Unicode Encoding of the Yi Script


Unicode Encoding of the Standardised Liangshan Yi Script

Since Version 3.0, Unicode has included two blocks covering the standardised Liangshan Yi script (as devised in 1974 and officially promulgated in 1980 as the "Scheme for the Standardisation of the Yi Script" 彝文规范方案) :


For details of the history of the encoding of the Yi script see N1187 "Encoding the Yi script" (1995-03-24) by Michael Everson.



Yi Syllables

The Unicode implementation of the Yi Syllables block is based on the 1991 PRC standard GB 13134-91.

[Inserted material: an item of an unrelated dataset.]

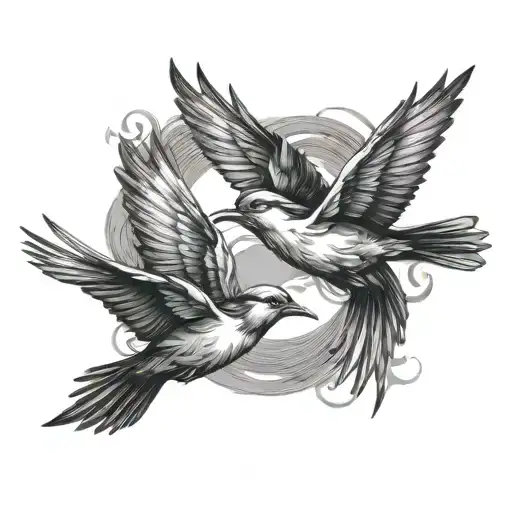 two birds flying tattoo design idea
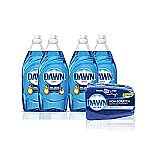(Back) 4-ct 19oz Dawn Ultra Dishwashing Liquid Dish Soap + 2ct Non-Scratch Sponge $8.49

The Yi Syllables block comprises 1,165 syllables, of which 1,164 represent all of the allowable syllables of the Liangshan Yi dialect (a syllable comprising consonant initial, vowel medial and tone final components), and one is a syllable repetition symbol [U+A015]. Of the 1,164 syllable syllables, 819 are unique syllables representing syllables with a t, Null or p tone, and 345 are diacritical modifications of one the 819 primary syllables in order to represent syllables with an x tone. 342 of the 345 x-tone syllables are modifications of the syllable for the corresponding syllable with a Null tone (e.g. the syllable ix [U+A001] is a diacritical modification of the syllable i [U+A002]). In three instances, there is no corresponding syllable with a Null tone, and the x-tone syllable is a diacritical modification of the syllable for the corresponding syllable with a p-tone ( hnox from hnop, nzox from nzop, and vex from vep). In all cases the x-tone modification is indicated by an inverted breve mark over the primary syllable. It could be argued that the x-tone syllables need not have been given individual code points, but could have been encoded by means of a combining diacritical character that could be appended to a primary syllable. However, this would allow users to enter invalid syllable/diacritical combinations, and so hard-coding the modified syllables corresponding to x-tone syllables is a far simpler solution.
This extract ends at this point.